Der Gesetzgeber kann zwar Unternehmen verpflichten, in ihre Messenger eine fehlerhafte Verschlüsselung einzubauen - denn nichts anderes bedeutet ein Generalschlüssel - aber verschlüsselte Kommunikation funktioniert auch ohne solche Dienste. Zentrale Messenger-Plattformen wie WhatsApp und Signal haben die Kryptografie ja nicht erfunden, sondern nur bequem verfügbar gemacht. Das Prinzip und auch die technische Anwendung existieren schon viele Jahrzehnte und es gibt unzählige Software, die mit diesen Methoden arbeitet. Auch dezentrale Systeme, die für den Gesetzgeber auf diese Weise garnicht greifbar sind, zum Beispiel ein alter Bekannter: die E-Mail. Ohne sie als kriminelles Werkzeug hinstellen zu wollen: die PGP-verschlüsselte E-Mail ist ein einfaches Beispiel für einen dezentralen, software-unabhängigen vertraulichen Kommunikationsweg.

Als Reaktion darauf nun die ganze Kryptografie verbieten zu wollen, wäre genauso unsinnig wie technisch unmöglich. Kurzum: Das Vorhaben wird sein Ziel verfehlen.

Was durch staatliche Hintertüren in Messengern jedoch tatsächlich passiert: Die vielen Menschen, die sich auf verbreiteten Messengern tummeln, ohne böse Absichten zu haben, werden einen Teil ihres Persönlichkeitsrechts abtreten, ohne dass dem ein Nutzen gegenübersteht.

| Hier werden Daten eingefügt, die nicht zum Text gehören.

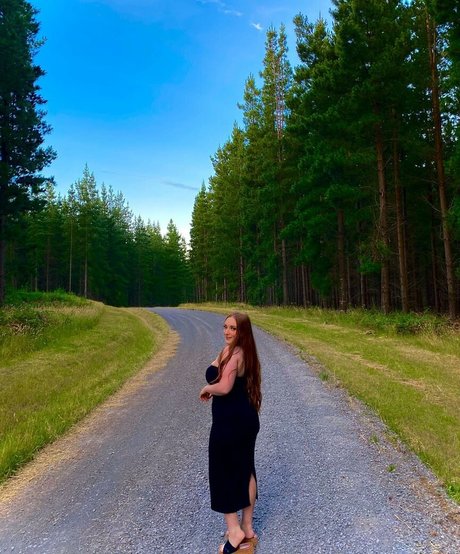 Dannielle Ashurst onlyfans leaked dirtyship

Im Gegenteil: die Erfahrung zeigt, dass Hintertüren in der Verschlüsselungstechnik, also absichtliche Sicherheitslücken, früher oder später missbraucht werden. Und zwar mitunter genau von den Kriminellen, die man damit versuchte zu überführen. Eines von vielen Szenarios ist etwa die Erpressung mit sensiblen Informationen, die sie durch Ausnützen der Lücken erhalten. Auch die Kompromittierung von Geschäftsgeheimnissen gehört dazu.

Insgesamt bleibt daher für Kriminelle also nahezu alles beim Alten, während die Zivilgesllschaft als Ganzes einen schweren Eingriff hinnehmen muss. Das ist völlig falsch und darf so nicht passieren.

Zur Bekämpfung von Kriminalität und Terrorismus ist es dringend notwendig, dass die Sicherheitsbehörden und Geheimdienste ihre inneren Missstände beheben und eine angemessene Ausstattung erhalten.